§ **Exercise details**:
With all pictures excluded, restate the records that follow exactly as written.

*** Extracted material Section Begins ***

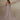 Luna Wedding Dress Morilee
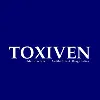 ToxiVen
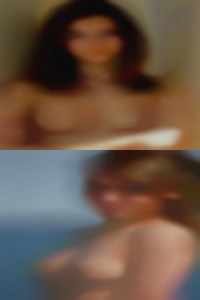 Just needing horny females sex for the touch.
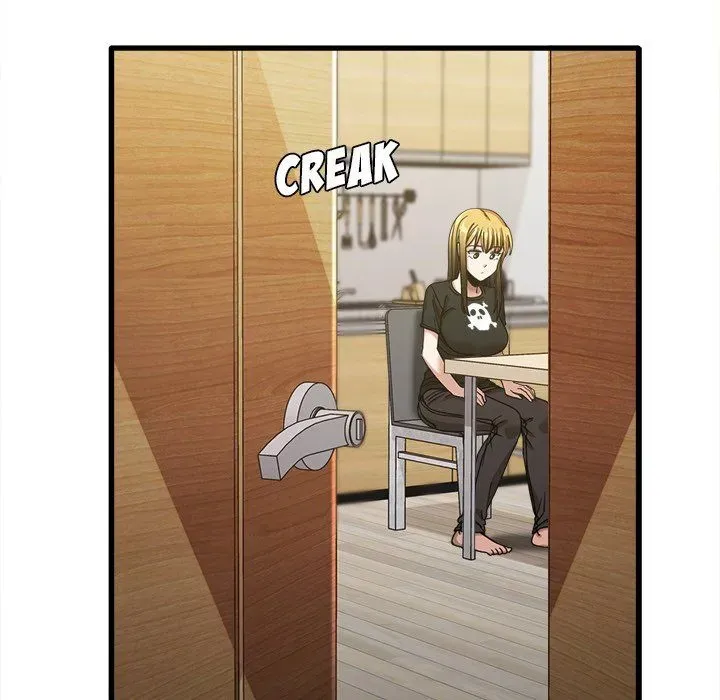 Read No More, No Less chapter 22 image 73 on Lezhin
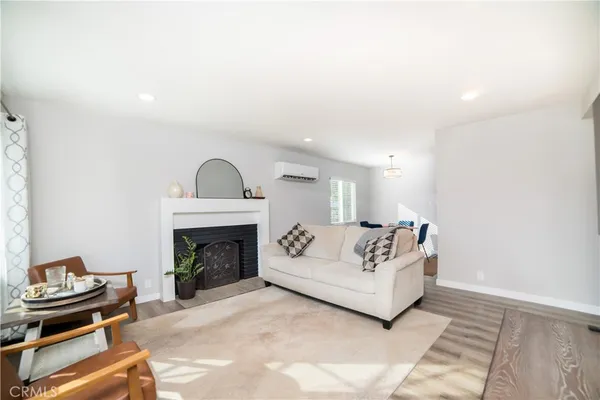 $799,900 | 843 West Blue Ash Road, West Covina, CA 91790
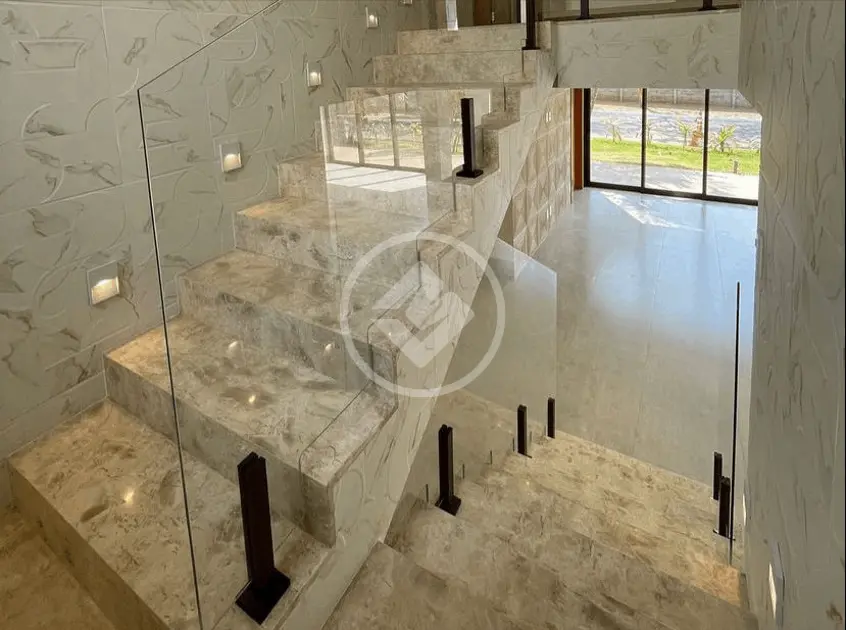 Imagem 3 - Casa Condomínio em Jardins Madri, Goiânia - GO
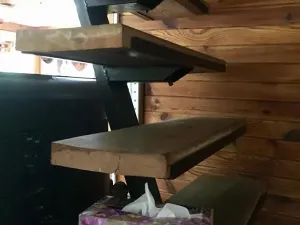 Prodej chaty, Chyňava, 60 m2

*** Extracted material Section Ends ***

§ **Solution**:
 Luna Wedding Dress Morilee
 ToxiVen
 Just needing horny females sex for the touch.
 Read No More, No Less chapter 22 image 73 on Lezhin
 $799,900 | 843 West Blue Ash Road, West Covina, CA 91790
 Imagem 3 - Casa Condomínio em Jardins Madri, Goiânia - GO
 Prodej chaty, Chyňava, 60 m2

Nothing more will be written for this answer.